--- EXERCISE AIM ---
Repeat the listing below in full and exactly. Pictures are to be omitted.

--- PROVIDED ENTRIES ---
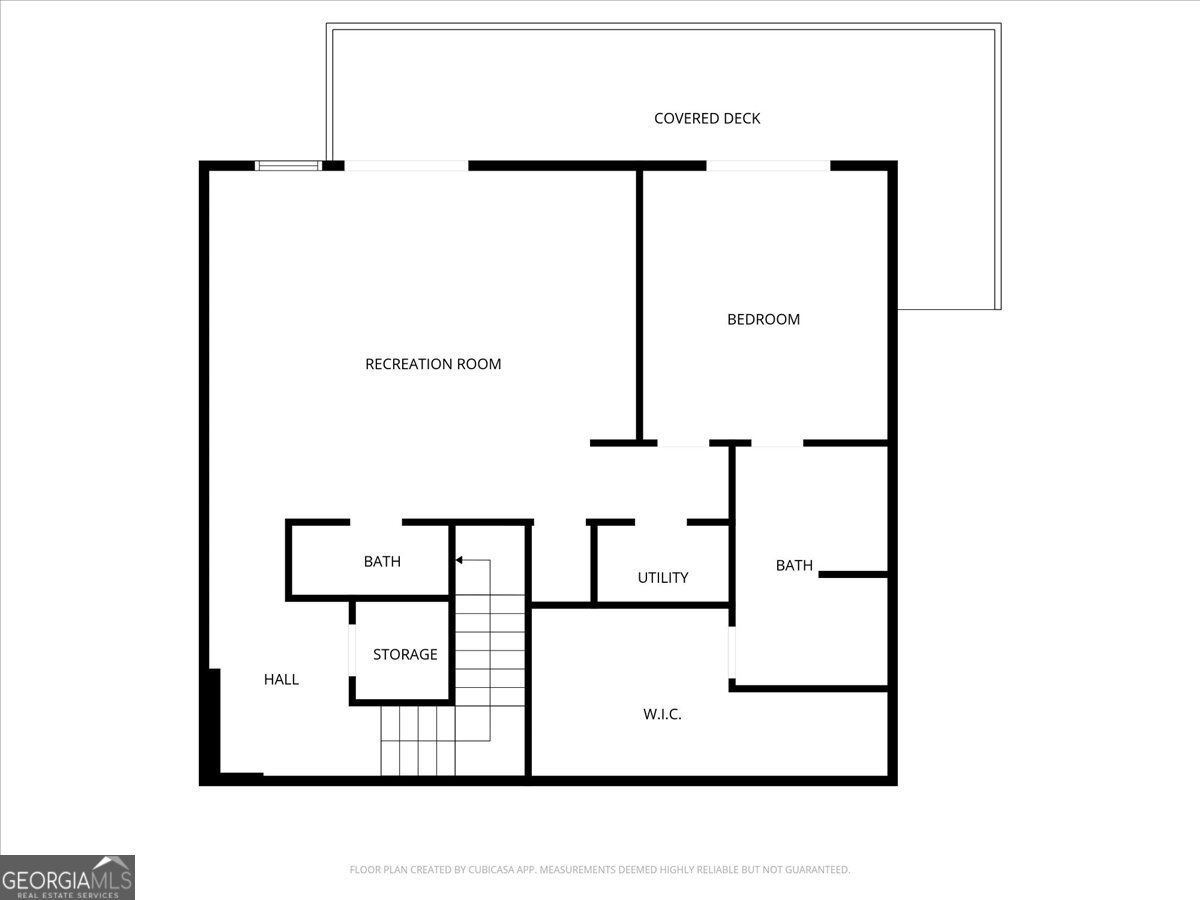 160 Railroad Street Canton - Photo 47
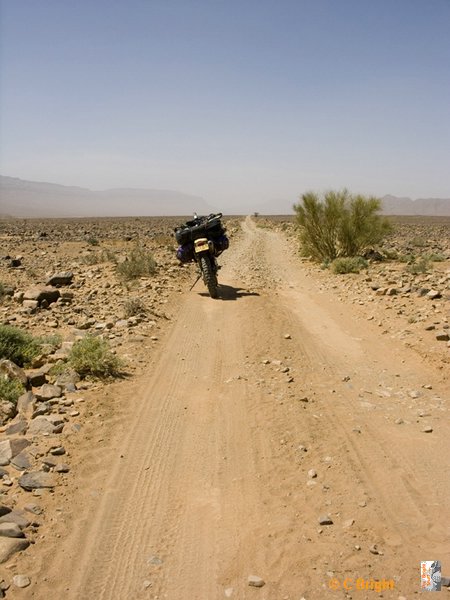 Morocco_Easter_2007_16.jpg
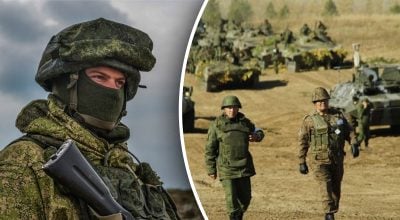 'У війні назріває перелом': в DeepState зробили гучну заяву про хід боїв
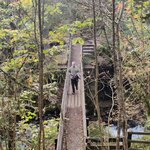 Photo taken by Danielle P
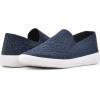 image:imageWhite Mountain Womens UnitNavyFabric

--- EXPECTED ANSWER ---
 160 Railroad Street Canton - Photo 47
 Morocco_Easter_2007_16.jpg
 'У війні назріває перелом': в DeepState зробили гучну заяву про хід боїв
 Photo taken by Danielle P
 image:imageWhite Mountain Womens UnitNavyFabric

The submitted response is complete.